- **Your task**
Set down, exactly and only, everything from the line containing "image for item" down to the line containing "nedo7 Short Sleeve" in the data below; the pictures are not part of the copy.

- **Dataset records**
>>>>>

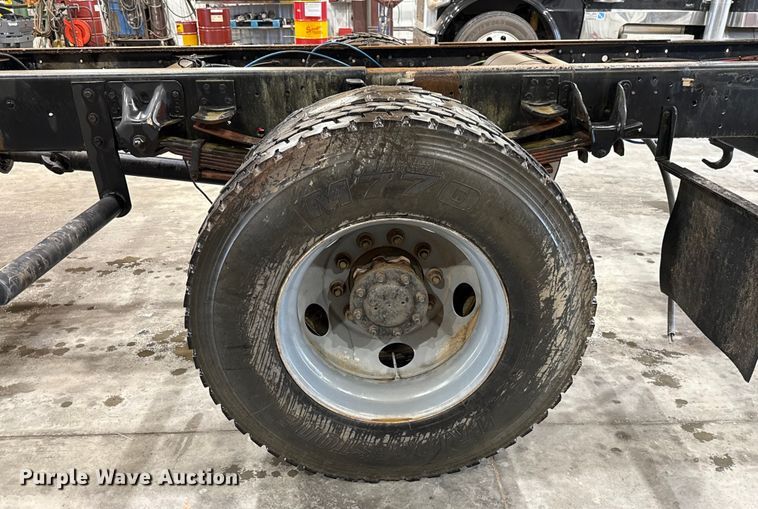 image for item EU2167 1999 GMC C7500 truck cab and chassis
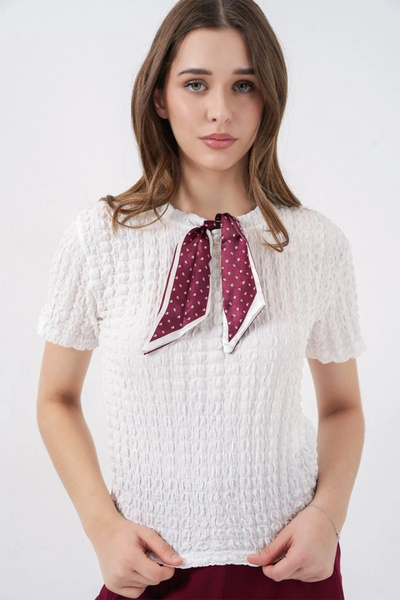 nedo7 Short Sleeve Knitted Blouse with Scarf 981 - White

<<<<<
>>>>>

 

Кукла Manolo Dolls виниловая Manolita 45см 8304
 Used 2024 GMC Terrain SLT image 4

<<<<<
>>>>>

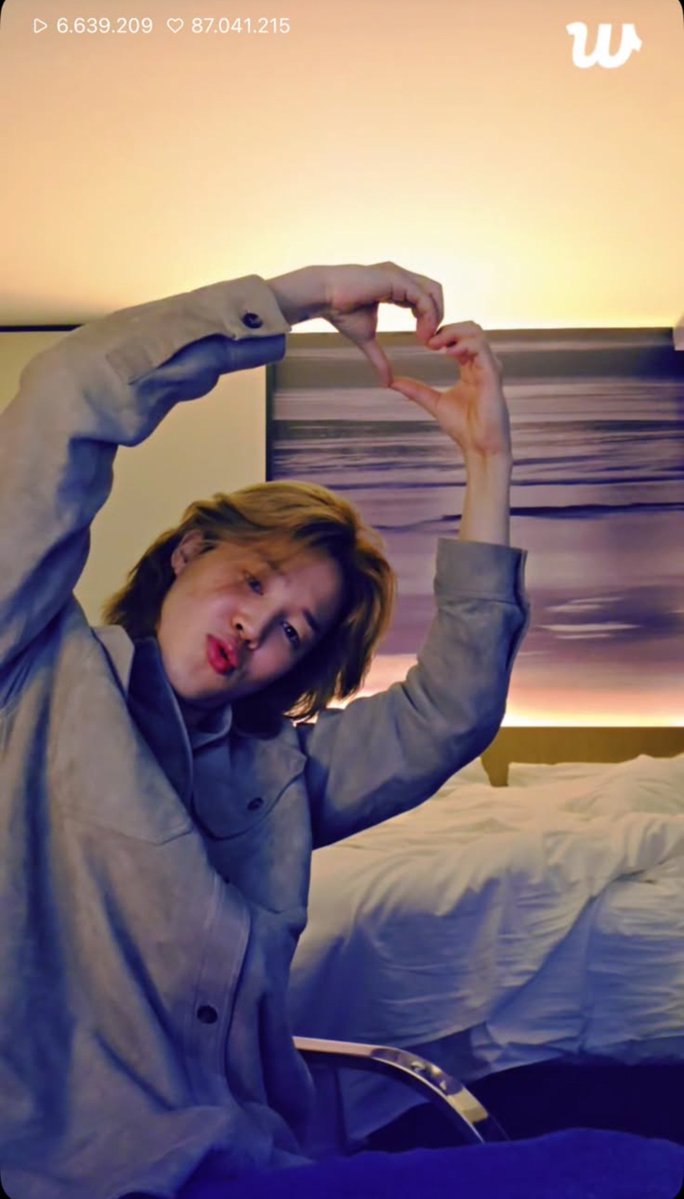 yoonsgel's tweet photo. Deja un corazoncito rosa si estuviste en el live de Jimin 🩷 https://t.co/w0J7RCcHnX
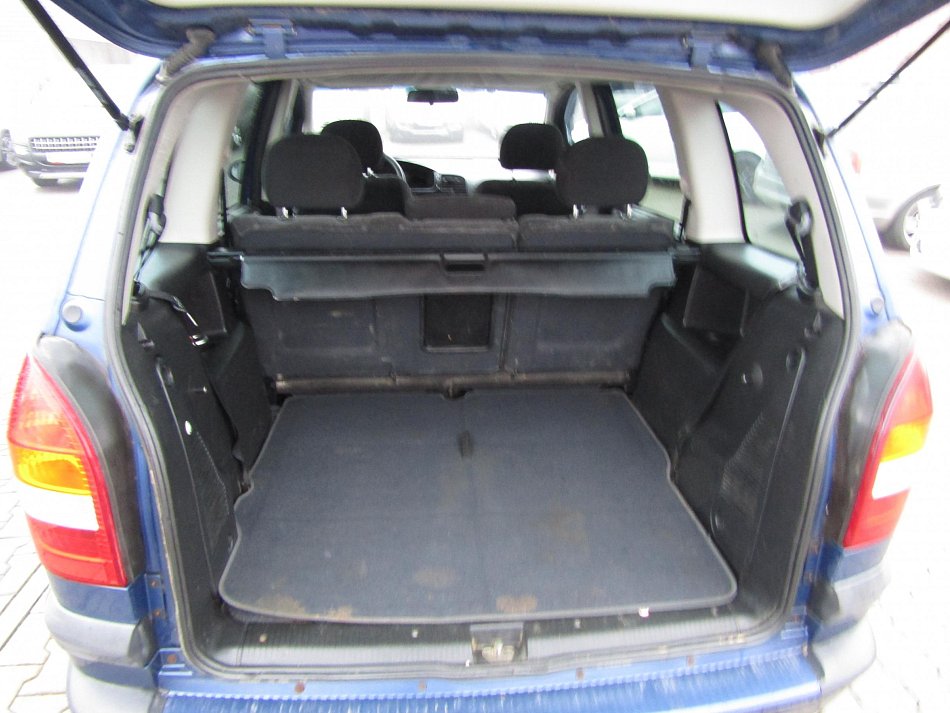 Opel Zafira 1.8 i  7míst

<<<<<

- **Written solution**
 image for item EU2167 1999 GMC C7500 truck cab and chassis
 nedo7 Short Sleeve Knitted Blouse with Scarf 981 - White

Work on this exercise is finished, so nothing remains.